I am a cynic. I am critical. I do believe that we can use history and past mistakes to fix the present and secure a better future. Global warming - I think I believe it exists. The apocalypse of 2012 – I’m rooting for that to be real, for it to be a cleansing session for our world. South Africa – I’m a true patriot at heart but very aware of this country’s flaws and inability to solve crises.
I am at Rhodes University, where I am currently doing my fourth and final year, specialising in New Media. As part of my online course, I have joined the myDigitalLife community and will be writing a blog which deals with the issues of development and sustainability in South Africa.
It looks into current projects or aspirations relative to development, and proposes ways in which new technologies and digital media could support this develop and maintain its sustainability. It is a blog that looks to inspire individuals, community organisations, NGO’s, private corporations, perhaps even governments, to become involved in developments necessary to our country’s growth and suggest ways in which to sustain these developments using New Media.
In order to begin discussing the challenges of development and sustainability in South Africa, it is necessary to first define ‘development’, ‘sustainability’ and how new media technologies could assist with these challenges.
Development cannot be narrowed down into one specific definition, because even as you start to Google it, the definitions begin to split between economic development, arrested development, community development, sustainable developments, research and development, and environmental development.
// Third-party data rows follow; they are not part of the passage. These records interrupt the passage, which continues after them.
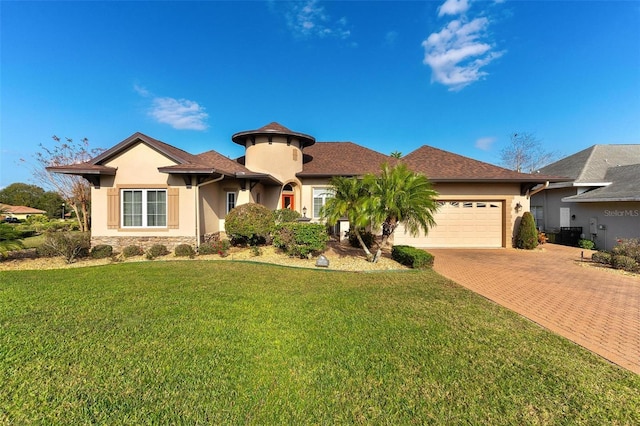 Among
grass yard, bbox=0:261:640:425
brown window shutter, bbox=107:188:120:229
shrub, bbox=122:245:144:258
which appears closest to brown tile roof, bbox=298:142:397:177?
shrub, bbox=122:245:144:258

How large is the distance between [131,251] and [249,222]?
190 inches

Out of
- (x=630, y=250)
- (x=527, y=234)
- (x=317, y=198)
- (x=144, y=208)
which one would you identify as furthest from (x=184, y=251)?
(x=630, y=250)

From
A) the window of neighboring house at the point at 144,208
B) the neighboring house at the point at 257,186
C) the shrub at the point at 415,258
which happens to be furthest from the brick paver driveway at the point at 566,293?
the window of neighboring house at the point at 144,208

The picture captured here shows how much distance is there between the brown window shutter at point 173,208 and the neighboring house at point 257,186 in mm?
43

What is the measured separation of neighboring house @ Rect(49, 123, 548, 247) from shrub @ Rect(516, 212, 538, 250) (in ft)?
1.46

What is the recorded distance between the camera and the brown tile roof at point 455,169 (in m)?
13.5

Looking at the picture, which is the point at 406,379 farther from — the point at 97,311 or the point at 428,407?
the point at 97,311

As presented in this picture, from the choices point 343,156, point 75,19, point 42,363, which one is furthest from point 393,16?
point 42,363

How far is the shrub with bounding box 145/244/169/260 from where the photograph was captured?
1073 cm

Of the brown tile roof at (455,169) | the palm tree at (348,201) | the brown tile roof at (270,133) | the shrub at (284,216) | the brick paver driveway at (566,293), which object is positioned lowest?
the brick paver driveway at (566,293)

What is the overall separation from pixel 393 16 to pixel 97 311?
636 inches

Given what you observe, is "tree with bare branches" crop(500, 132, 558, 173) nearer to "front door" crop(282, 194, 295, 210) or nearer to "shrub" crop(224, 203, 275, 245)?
"front door" crop(282, 194, 295, 210)

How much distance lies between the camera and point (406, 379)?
3.15 m

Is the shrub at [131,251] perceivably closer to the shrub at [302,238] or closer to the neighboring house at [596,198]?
the shrub at [302,238] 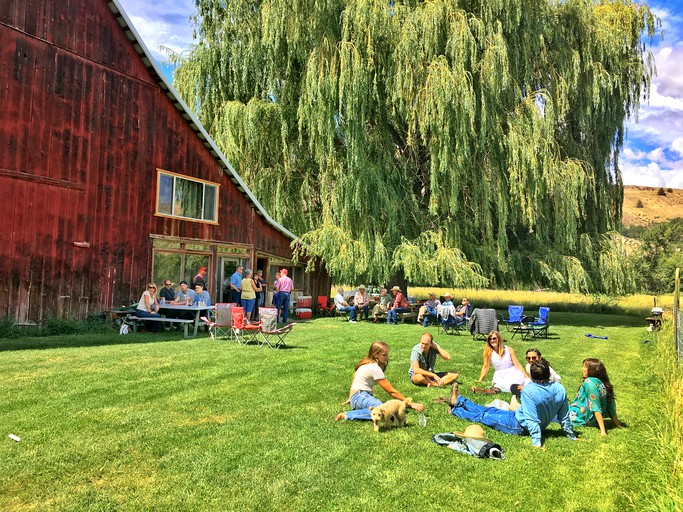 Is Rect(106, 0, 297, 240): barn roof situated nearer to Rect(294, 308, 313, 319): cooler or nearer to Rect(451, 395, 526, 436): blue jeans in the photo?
Rect(294, 308, 313, 319): cooler

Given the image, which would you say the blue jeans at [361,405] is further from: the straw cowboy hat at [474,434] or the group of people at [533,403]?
the straw cowboy hat at [474,434]

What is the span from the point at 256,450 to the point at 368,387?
174 cm

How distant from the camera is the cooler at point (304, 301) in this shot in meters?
18.7

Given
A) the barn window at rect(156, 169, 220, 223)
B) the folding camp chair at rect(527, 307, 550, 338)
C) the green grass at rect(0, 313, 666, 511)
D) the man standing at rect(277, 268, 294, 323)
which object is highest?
the barn window at rect(156, 169, 220, 223)

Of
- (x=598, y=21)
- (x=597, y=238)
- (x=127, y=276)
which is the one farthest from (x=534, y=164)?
(x=127, y=276)

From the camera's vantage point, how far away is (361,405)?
573cm

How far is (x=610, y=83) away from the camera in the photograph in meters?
18.3

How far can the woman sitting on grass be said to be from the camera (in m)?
5.73

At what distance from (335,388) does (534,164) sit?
38.3ft

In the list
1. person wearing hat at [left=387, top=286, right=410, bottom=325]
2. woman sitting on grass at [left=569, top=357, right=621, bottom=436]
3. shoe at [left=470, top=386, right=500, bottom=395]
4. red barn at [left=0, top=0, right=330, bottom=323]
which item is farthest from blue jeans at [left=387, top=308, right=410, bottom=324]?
woman sitting on grass at [left=569, top=357, right=621, bottom=436]

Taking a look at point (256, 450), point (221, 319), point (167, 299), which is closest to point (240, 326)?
point (221, 319)

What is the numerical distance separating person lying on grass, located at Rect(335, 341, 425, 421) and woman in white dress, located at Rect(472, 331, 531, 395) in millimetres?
1750

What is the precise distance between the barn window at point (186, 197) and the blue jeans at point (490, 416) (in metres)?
10.5

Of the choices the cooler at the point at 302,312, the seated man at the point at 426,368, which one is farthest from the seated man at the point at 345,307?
the seated man at the point at 426,368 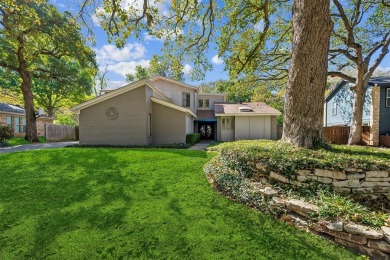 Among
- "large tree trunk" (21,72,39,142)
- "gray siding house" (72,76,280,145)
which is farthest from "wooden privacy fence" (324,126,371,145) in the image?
"large tree trunk" (21,72,39,142)

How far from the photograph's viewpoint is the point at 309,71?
6383mm

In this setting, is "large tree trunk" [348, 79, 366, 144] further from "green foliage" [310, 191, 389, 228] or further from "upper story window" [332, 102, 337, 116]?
"green foliage" [310, 191, 389, 228]

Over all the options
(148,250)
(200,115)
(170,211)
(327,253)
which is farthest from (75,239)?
(200,115)

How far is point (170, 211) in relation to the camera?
→ 13.9 feet

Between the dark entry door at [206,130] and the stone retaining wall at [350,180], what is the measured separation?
2036cm

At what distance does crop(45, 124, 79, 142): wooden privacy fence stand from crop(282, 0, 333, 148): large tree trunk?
22513 millimetres

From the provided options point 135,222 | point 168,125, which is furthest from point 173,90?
point 135,222

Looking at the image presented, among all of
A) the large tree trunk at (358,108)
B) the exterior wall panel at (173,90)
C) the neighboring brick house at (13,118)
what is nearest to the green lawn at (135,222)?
the large tree trunk at (358,108)

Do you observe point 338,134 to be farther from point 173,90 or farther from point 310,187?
point 310,187

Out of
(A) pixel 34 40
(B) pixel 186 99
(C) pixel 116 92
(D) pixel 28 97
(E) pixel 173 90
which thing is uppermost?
(A) pixel 34 40

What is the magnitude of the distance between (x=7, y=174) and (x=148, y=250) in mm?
5955

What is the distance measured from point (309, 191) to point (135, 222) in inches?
156

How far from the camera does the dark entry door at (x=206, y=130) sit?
25594 mm

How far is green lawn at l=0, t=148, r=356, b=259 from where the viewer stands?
3191mm
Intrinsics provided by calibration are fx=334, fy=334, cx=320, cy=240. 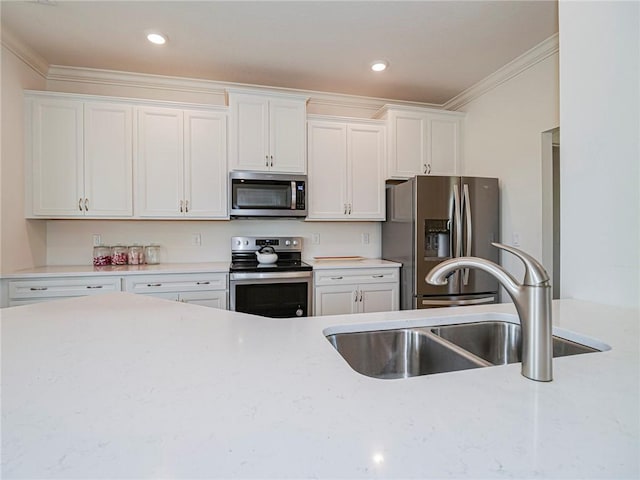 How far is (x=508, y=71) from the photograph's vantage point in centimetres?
290

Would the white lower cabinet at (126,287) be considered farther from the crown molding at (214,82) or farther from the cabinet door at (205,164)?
the crown molding at (214,82)

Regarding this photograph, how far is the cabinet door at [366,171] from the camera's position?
3.29m

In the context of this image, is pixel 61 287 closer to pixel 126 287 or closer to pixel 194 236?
pixel 126 287

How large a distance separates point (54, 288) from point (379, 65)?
10.2 feet

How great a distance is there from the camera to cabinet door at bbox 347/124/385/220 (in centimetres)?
329

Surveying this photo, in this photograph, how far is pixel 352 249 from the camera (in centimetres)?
362

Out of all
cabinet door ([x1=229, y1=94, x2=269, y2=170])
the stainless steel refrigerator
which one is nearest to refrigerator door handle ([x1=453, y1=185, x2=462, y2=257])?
the stainless steel refrigerator

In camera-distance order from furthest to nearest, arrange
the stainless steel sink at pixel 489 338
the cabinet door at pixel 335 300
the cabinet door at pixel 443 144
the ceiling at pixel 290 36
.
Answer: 1. the cabinet door at pixel 443 144
2. the cabinet door at pixel 335 300
3. the ceiling at pixel 290 36
4. the stainless steel sink at pixel 489 338

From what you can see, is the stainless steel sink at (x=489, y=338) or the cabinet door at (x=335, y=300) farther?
the cabinet door at (x=335, y=300)

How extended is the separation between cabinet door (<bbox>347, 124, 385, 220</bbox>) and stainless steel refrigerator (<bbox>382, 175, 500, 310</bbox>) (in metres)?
0.44

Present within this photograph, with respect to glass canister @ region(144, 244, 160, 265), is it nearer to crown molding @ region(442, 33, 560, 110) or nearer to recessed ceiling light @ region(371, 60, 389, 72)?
recessed ceiling light @ region(371, 60, 389, 72)

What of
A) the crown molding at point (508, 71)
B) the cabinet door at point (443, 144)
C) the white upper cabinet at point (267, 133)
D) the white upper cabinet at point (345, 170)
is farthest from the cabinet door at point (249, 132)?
the crown molding at point (508, 71)

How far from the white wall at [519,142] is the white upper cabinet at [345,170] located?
100cm

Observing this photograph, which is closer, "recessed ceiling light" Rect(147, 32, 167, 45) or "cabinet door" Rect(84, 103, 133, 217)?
"recessed ceiling light" Rect(147, 32, 167, 45) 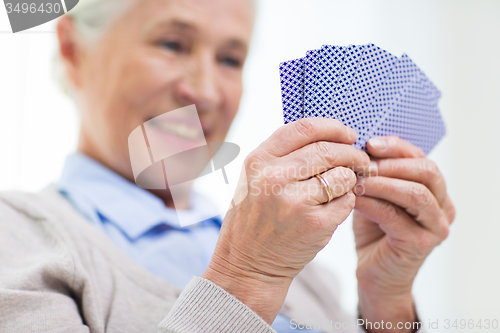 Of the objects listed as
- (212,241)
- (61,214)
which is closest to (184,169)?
(212,241)

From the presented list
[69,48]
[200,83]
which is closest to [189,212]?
[200,83]

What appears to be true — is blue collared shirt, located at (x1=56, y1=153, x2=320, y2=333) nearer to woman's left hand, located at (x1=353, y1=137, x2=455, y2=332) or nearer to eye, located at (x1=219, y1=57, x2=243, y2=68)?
woman's left hand, located at (x1=353, y1=137, x2=455, y2=332)

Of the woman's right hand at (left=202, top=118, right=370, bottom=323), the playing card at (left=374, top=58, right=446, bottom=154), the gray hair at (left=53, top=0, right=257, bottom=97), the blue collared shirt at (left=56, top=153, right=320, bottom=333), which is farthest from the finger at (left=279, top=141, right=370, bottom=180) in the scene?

Blah blah blah…
In the most general terms then, development refers to the act of improving by expanding or enlarging or refining; a process in which something passes by degrees to a different stage.
Therefore, I propose that ‘development’ means the following – the process by which a problem is broken down and analysed; solutions are suggested, problematised and planned. But the key point of development is that it is a continual process; it is ever-evolving and growing. The original list of problems and projected solutions must always be referred back to, as a way to determine current growth and success, or failure.
I consider the problematic areas in South Africa’s development to include the economy, culture, social environment, governmental departments, political sphere, environmental aspects and educational systems. Each of these will be covered in-depth, throughout my blog posts.
“Sustainability is the capacity to endure.” In terms of the economy, culture, social environment, governmental departments, political sphere, environmental aspects and educational systems then, sustainability refers to South Africa’s capacity to improve on their problems and maintain a working, successful order within all or most of these spheres.
The first area that I will be tackling will be the education system. It seems like the logical place to start because it is the area that I believe everything else stems from. No matriculation means no university, means no degree, means fewer job opportunities, means less income, means poverty, means poor living conditions, means lack of governmental support, means the demise of a life.
But, this is a complex area of the South African socio-economic-cultural sphere; I am not going to throw my theories, research, data and opinion at you right away. Rather I will leave you to consider the following quote…
“It’s impossible to separate the issue of environmental sustainability from those of social and economic development. Without proper environmental management, our world’s fragile climate patterns and eco-systems will collapse. Even relatively minor changes in average global temperatures can result in major changes to climate and weather patterns, affecting the livelihoods of millions of people. There are many critical environmental issues, often inter-related, which are central to developing (and monitoring) appropriate and effective sustainability objectives”
And encourage you to read more from the Sustainability South Africa website which aims to offer an information hub for chartered accountants, corporate sustainability managers and the general business community. It highlights the current major sustainability issues and gives the history of sustainability reporting along with the available standards and guidelines. I believe that their work in the economic field can be applied to the other sectors of South African society.
If you were even just a little bit interested in what they said. I promise mine will be as intelligent… but probably more humorous. And cynical. And realistic (I hope).